:: INSTRUCTIONS FOR THE TASK ::
There is material below. Print exactly the lines starting at the line with "Photo of property in 139a" and ending at the line with "Peut inclure: Autocollant", ends included, and no others.

- - - - -

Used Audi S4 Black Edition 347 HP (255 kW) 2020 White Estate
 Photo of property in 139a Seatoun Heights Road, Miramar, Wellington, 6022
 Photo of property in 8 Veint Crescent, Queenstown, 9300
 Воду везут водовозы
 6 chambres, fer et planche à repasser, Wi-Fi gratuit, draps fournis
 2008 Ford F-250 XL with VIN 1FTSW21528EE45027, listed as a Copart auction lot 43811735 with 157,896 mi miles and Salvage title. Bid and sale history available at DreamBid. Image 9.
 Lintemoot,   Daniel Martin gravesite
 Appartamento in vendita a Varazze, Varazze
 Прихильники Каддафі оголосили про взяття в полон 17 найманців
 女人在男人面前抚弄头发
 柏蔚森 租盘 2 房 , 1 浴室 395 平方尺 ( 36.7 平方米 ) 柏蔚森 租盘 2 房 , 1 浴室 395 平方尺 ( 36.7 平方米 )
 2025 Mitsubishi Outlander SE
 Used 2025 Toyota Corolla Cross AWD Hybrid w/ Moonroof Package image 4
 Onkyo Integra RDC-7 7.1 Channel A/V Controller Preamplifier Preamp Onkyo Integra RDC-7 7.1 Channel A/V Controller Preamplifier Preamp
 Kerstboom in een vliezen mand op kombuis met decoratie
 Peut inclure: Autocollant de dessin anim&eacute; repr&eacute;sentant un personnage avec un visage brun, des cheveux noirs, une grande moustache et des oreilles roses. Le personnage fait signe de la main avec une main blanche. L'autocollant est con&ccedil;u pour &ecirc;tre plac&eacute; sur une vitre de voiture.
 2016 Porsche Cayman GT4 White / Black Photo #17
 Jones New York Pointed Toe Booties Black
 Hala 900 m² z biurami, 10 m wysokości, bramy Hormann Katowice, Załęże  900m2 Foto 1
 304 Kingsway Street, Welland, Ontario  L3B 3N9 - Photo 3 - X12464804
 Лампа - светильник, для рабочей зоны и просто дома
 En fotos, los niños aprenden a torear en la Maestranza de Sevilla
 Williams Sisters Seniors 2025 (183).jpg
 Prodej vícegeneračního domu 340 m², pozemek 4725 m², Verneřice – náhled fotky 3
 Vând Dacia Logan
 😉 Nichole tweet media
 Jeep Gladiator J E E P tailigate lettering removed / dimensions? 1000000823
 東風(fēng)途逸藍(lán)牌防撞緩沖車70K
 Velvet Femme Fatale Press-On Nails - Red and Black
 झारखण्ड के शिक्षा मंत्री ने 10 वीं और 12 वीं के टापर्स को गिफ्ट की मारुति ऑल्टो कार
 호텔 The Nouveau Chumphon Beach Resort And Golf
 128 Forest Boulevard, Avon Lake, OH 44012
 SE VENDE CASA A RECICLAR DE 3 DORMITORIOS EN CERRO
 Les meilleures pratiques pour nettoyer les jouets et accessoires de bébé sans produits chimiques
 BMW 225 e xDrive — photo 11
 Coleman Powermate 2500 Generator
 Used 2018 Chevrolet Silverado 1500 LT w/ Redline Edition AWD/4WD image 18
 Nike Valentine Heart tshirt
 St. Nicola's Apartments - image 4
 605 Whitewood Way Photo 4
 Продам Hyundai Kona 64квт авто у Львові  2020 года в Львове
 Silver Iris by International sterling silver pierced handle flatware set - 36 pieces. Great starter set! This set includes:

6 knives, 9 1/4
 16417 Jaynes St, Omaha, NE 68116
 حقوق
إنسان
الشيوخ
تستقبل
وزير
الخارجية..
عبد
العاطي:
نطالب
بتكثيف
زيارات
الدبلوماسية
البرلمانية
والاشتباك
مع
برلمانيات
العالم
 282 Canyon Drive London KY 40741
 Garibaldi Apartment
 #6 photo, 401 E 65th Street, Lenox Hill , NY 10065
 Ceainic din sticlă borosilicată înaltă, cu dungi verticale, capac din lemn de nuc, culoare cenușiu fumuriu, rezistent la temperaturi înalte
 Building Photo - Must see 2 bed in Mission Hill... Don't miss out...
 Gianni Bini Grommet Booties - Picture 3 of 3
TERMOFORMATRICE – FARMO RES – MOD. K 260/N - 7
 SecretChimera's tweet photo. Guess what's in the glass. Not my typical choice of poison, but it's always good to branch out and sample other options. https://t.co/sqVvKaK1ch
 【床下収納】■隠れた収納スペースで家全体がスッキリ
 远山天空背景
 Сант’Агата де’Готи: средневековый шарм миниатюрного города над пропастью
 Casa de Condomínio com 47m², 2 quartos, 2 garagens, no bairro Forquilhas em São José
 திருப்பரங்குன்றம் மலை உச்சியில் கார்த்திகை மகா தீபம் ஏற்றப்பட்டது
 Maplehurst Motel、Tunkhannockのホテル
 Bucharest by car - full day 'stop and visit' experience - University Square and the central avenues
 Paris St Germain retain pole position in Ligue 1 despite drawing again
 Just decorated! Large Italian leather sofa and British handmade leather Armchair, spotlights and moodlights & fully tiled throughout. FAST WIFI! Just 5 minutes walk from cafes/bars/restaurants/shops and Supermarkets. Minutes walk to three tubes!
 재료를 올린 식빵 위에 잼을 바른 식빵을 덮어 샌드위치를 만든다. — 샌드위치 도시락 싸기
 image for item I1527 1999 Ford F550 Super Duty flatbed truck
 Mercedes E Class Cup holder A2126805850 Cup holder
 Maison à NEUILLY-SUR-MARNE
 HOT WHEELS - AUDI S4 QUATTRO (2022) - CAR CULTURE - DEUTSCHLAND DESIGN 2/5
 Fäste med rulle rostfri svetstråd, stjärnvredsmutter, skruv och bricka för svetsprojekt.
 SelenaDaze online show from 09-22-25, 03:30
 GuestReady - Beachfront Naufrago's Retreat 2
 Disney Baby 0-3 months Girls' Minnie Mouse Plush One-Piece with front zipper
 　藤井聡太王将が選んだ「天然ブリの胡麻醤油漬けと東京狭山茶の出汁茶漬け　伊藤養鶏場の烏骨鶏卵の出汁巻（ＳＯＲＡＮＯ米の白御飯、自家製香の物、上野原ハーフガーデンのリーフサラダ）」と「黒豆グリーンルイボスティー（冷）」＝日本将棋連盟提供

- - - - -

:: EXERCISE SOLUTION ::
 Photo of property in 139a Seatoun Heights Road, Miramar, Wellington, 6022
 Photo of property in 8 Veint Crescent, Queenstown, 9300
 Воду везут водовозы
 6 chambres, fer et planche à repasser, Wi-Fi gratuit, draps fournis
 2008 Ford F-250 XL with VIN 1FTSW21528EE45027, listed as a Copart auction lot 43811735 with 157,896 mi miles and Salvage title. Bid and sale history available at DreamBid. Image 9.
 Lintemoot,   Daniel Martin gravesite
 Appartamento in vendita a Varazze, Varazze
 Прихильники Каддафі оголосили про взяття в полон 17 найманців
 女人在男人面前抚弄头发
 柏蔚森 租盘 2 房 , 1 浴室 395 平方尺 ( 36.7 平方米 ) 柏蔚森 租盘 2 房 , 1 浴室 395 平方尺 ( 36.7 平方米 )
 2025 Mitsubishi Outlander SE
 Used 2025 Toyota Corolla Cross AWD Hybrid w/ Moonroof Package image 4
 Onkyo Integra RDC-7 7.1 Channel A/V Controller Preamplifier Preamp Onkyo Integra RDC-7 7.1 Channel A/V Controller Preamplifier Preamp
 Kerstboom in een vliezen mand op kombuis met decoratie
 Peut inclure: Autocollant de dessin anim&eacute; repr&eacute;sentant un personnage avec un visage brun, des cheveux noirs, une grande moustache et des oreilles roses. Le personnage fait signe de la main avec une main blanche. L'autocollant est con&ccedil;u pour &ecirc;tre plac&eacute; sur une vitre de voiture.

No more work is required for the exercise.